St. Johns County Commission to weigh options for county-owned golf course

Discussion on the future of the St. Johns Golf Club is set to tee off Tuesday when commissioners will hear a report on what can be done with the county-owned facility.

 

The golf course, a frequent target of scrutiny and criticism during budget season, has had its ups and downs over the years, prompting the county to explore its options for getting financially back on the fairway.

In November 2015, commissioners entered into a five-year, three-phase contract with Ponte Vedra Beach-based Larsen Golf to develop a master plan and provide architectural design services.

In the consultant’s bid for the project, Erik Larsen, president and owner, said the club was already a popular venue and that he saw potential for “sustainable renovation.”

“It has many assets; large land area, safe golf layout with room and dirt in place to work with, great water hazards, big shade trees, natural wetlands, favorable soil types, adequate buildings, lots of golfers, interest from The First Tee of North Florida and Flagler College and motivation by open minded key stakeholders to enhance the facility,” he wrote.

County Administrator Michael Wanchick told commissioners at their April 18 meeting that the long-awaited report on Phase I was coming soon.
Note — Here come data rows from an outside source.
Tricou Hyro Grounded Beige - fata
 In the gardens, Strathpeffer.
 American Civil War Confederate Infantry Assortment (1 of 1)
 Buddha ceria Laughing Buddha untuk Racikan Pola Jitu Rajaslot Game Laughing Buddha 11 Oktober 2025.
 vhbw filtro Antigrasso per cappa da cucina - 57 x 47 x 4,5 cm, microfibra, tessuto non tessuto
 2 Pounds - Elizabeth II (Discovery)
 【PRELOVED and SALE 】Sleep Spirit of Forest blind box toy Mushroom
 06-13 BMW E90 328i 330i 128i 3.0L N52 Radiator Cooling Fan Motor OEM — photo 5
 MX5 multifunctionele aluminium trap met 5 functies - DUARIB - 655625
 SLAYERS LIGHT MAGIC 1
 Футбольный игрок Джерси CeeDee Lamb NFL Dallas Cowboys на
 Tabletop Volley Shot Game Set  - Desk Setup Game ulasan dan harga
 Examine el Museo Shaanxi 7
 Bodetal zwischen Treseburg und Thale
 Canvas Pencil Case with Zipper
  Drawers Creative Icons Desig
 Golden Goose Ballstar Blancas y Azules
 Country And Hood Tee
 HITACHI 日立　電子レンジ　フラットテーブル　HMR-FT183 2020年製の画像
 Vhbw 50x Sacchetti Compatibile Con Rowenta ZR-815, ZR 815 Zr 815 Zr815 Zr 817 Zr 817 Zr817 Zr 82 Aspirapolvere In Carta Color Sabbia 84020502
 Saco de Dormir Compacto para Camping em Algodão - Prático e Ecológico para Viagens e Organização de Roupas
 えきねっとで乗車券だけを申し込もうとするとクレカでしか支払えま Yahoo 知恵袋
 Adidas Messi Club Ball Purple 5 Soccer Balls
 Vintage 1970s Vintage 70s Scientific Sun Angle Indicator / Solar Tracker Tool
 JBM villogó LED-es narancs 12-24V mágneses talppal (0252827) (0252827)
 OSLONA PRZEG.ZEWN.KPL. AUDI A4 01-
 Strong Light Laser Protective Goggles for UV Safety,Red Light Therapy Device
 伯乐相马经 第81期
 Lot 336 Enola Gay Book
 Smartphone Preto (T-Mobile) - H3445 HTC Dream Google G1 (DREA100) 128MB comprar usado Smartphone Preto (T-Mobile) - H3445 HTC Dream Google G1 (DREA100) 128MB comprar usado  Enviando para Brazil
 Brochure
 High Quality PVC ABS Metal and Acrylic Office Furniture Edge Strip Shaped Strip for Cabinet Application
He said the county was approached about halfway through the process by a company interested in a public-private partnership and a plan that would, essentially, take nine holes that are no longer being used and turn them into residential development. The county would then receive proceeds to reinvest in what’s left of the golf course.

The county in 2015 shot down a $1 million offer by a group of investors to purchase the golf course, saying the land alone was valued between $2.5 million and $3.5 million, and that the book value on the property was more like $6 million. Officials have said the course nearly pays for itself in terms of operations, although not much else, and there are taxpayers who use the course and homeowners who live around the course to consider.

Wanchick said the report will include information on what a number of options might look like, including selling the property outright, entering into a private-public partnership to make improvements, or maintaining the club as is. He said neither he nor staff would recommend taking a swing at the last option.

“You can’t limp along like we’re doing,” Wanchick said. “We’ve got to take a proactive action of some sort.”

According to a summary of Tuesday’s agenda item, Phase II, if approved by the board, would entail completion within six months of construction documents for a redesign of the golf course as well as a land plan that would allow for the surplus/sale of the land not used in that redesign. Funding would come from golf course reserves.

County Spokesman Michael Ryan told The Record this week there are many directions Tuesday’s discussion could go because pretty much everything is on the table. He said while the club has the support of many community groups and nearby homeowners, others aren’t as keen on the idea of keeping it on the county’s books.

According to the county, the roughly 340-acre property had an appraised value of $3.28 million in 2017. However, aging or lacking infrastructure that is impacting rounds of play and, therefore, revenues, will require maintenance and capital outlay dollars to bring it all up to par.

The club opened in 1989 as an 18-hole course. It includes a club house, restaurant, pro shop, driving range and putting green, and offers private lessons, golf clinics and youth training while hosting tournaments and sponsored leagues.

In 2002, an expanded 27-hole course operated in the black for several years. During the Great Recession, however, the facility’s numbers took a beating and, in 2011, the county closed the nine additional holes and shifted existing maintenance staff primarily to contract positions in order to minimize costs.

Even with reductions in operating costs, revenues continued to decline, hitting a low point of $1,044,964 in 2014. In 2015, the County Commission approved paying off about $1.8 million in golf course debt.

Last year was the first time operating revenues exceeded expenses in six years and the county anticipates 2017 revenues to exceed what they were in 2016. Still, the $1,169,710 generated last year falls well short of the $1,972,117 generated in 2007, after which the golf course saw seven straight years of declining revenues.

The 50,583 total rounds played in 2016 marked the third consecutive year of increases after taking a nosedive from 51,978 in 2011 to 43,697 in 2012 and bottoming out at 43,324 in 2013. The number of rounds played is still nowhere near the high water mark of 72,489 in 2008.

Historically, there’s been an average of 61,021 rounds played annually.